Problem to solve:
Below are records; print only the lines from the line containing "16 WALK AVENUE" to the end, both included, reproduced exactly and without the pictures.

Material for the task:
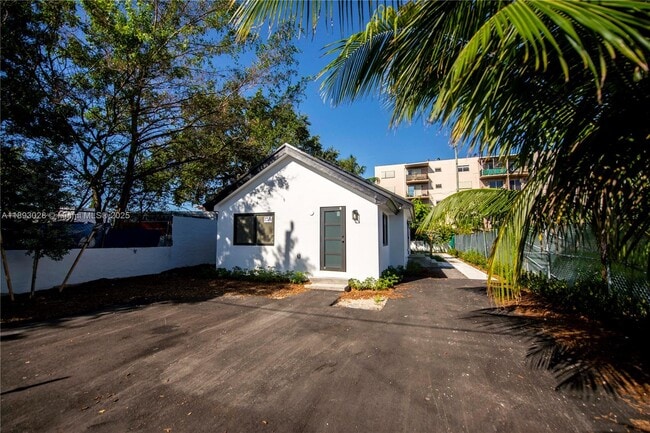 Building Photo - 764 NW 36th Ave Unit 1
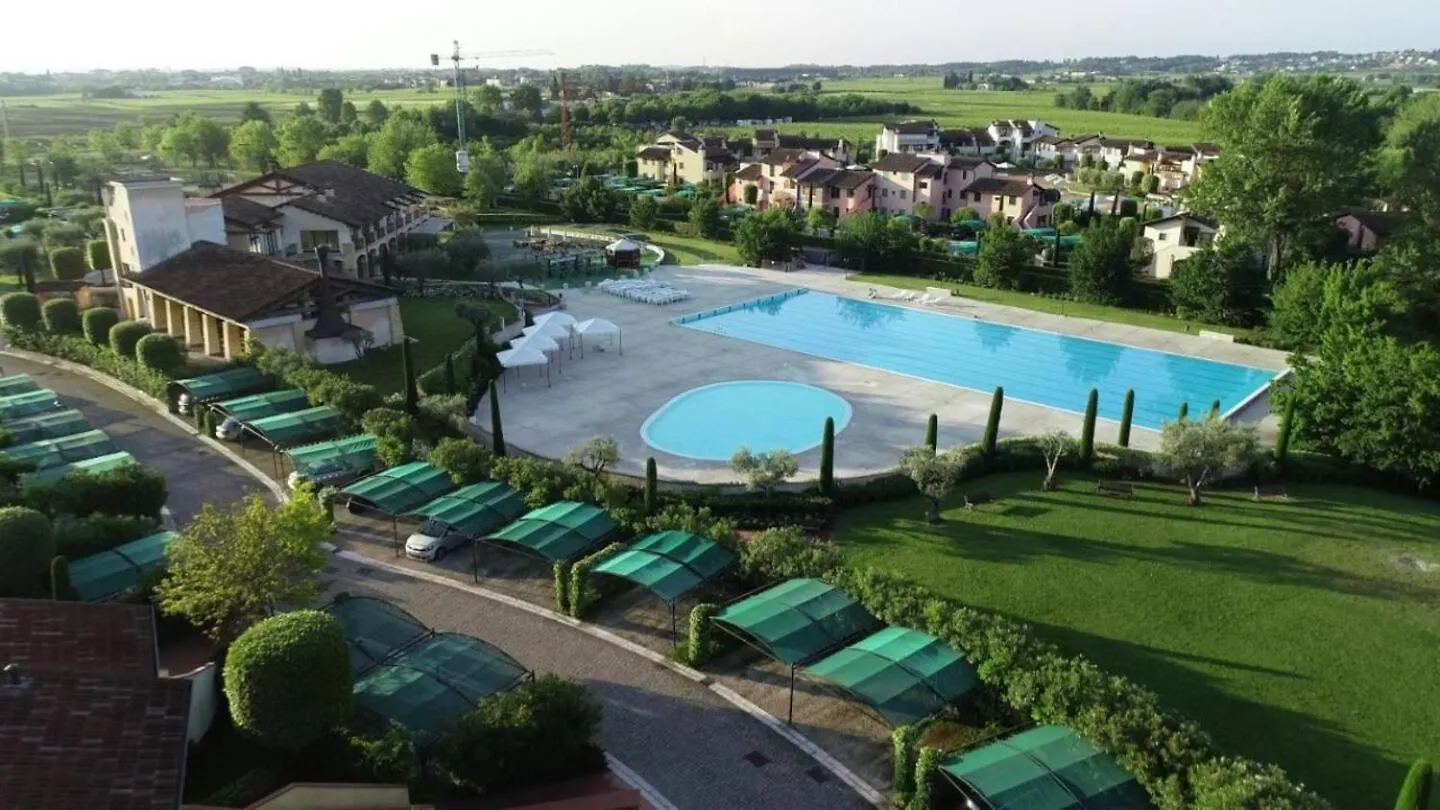 Garda Resort Village 11 Peschiera del Garda
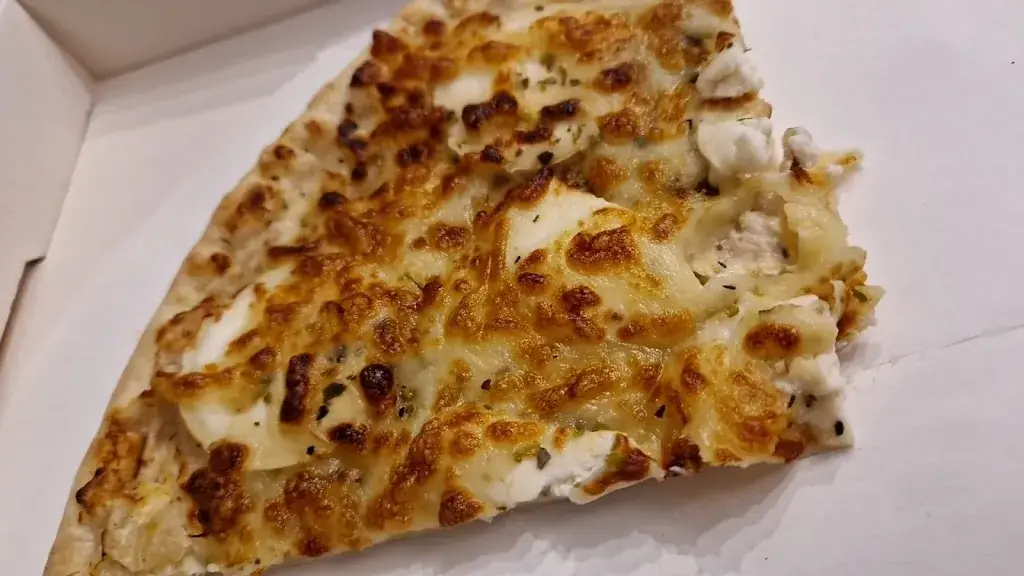 Samantha Caillot_La ronde des pizzas_Mansigné_review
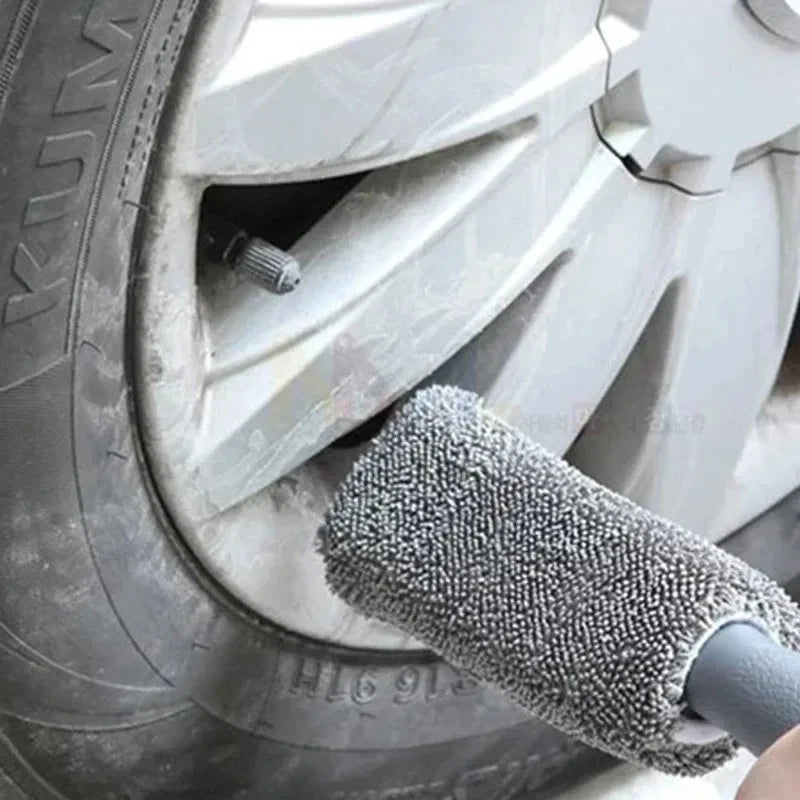 Tragbare Auto-Radwaschbürste mit Mikrofaser – Reinigungsbürste für Reifen und Felgen, Kunststoffgriff, ideal für Autos, Motorräder und Trunk-Zubehör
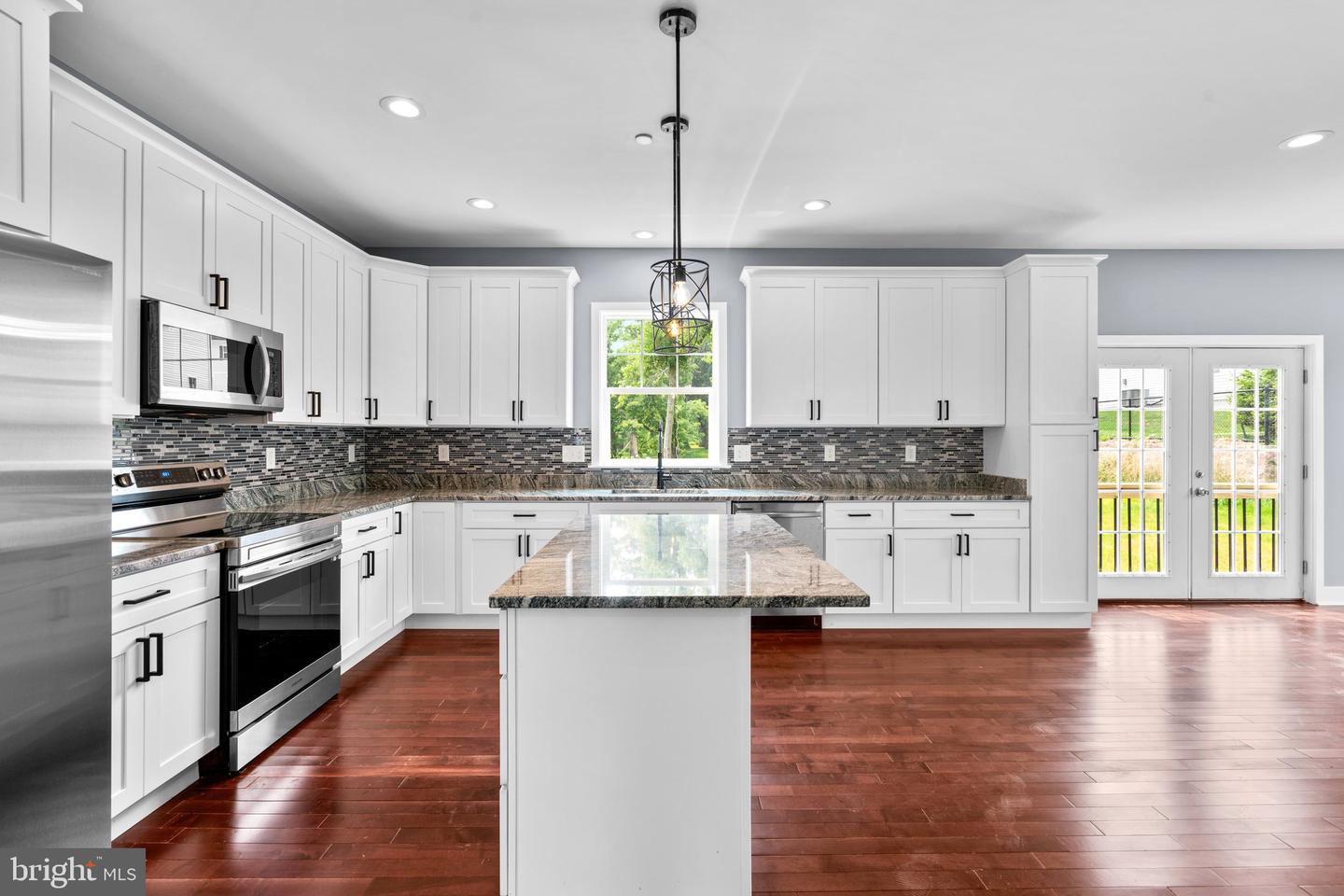 16 WALK AVENUE
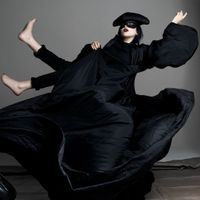 Lady Gaga bí ẩn trong bộ cánh all-black từ Alexander McQueen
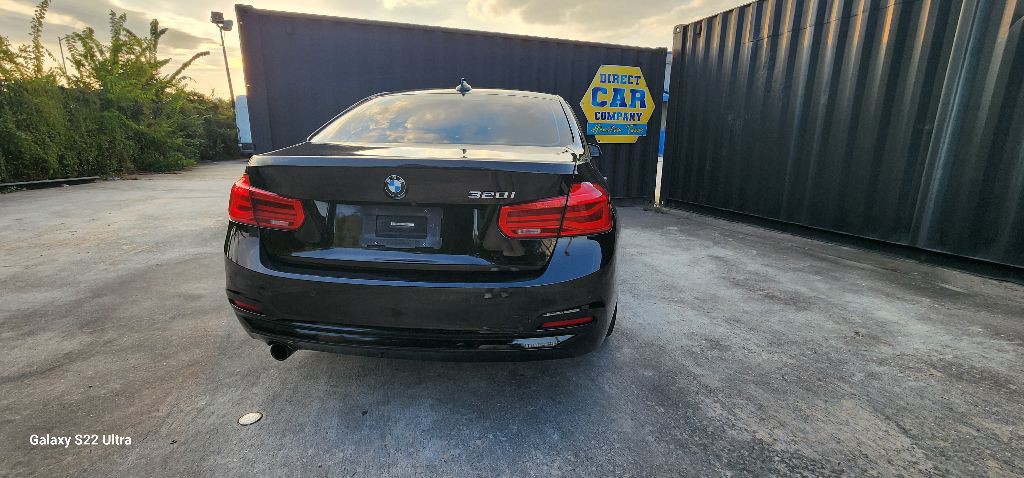 2016 BMW 3 Series Image 3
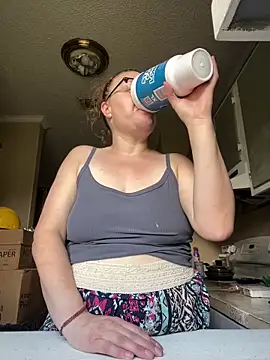 HTXBELLE online show from 12/13/25, 08:25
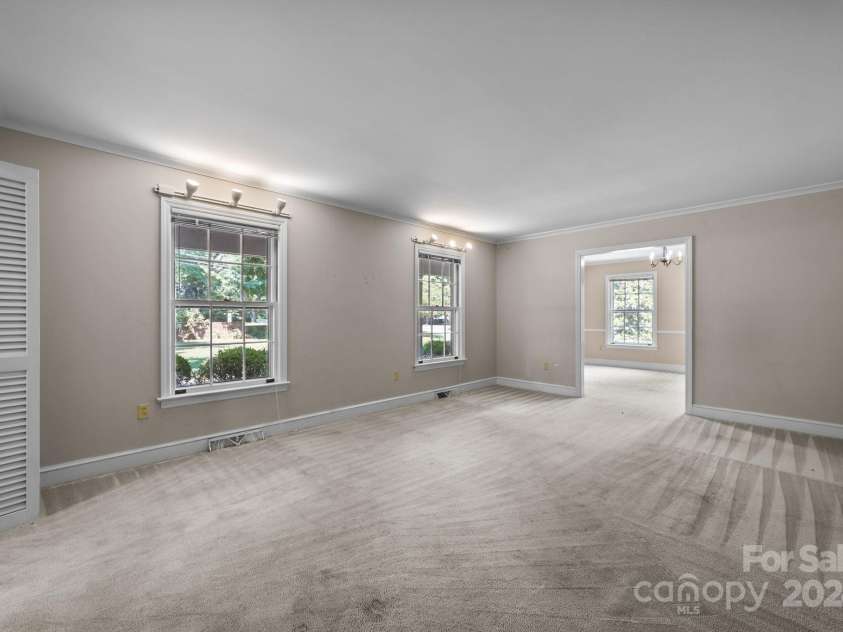 866 Concord Road, Davidson, NC 28036.  MLS# CAR4160164, YatesRealty ID 1953.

Output:
 16 WALK AVENUE
 Lady Gaga bí ẩn trong bộ cánh all-black từ Alexander McQueen
 2016 BMW 3 Series Image 3
 HTXBELLE online show from 12/13/25, 08:25
 866 Concord Road, Davidson, NC 28036.  MLS# CAR4160164, YatesRealty ID 1953.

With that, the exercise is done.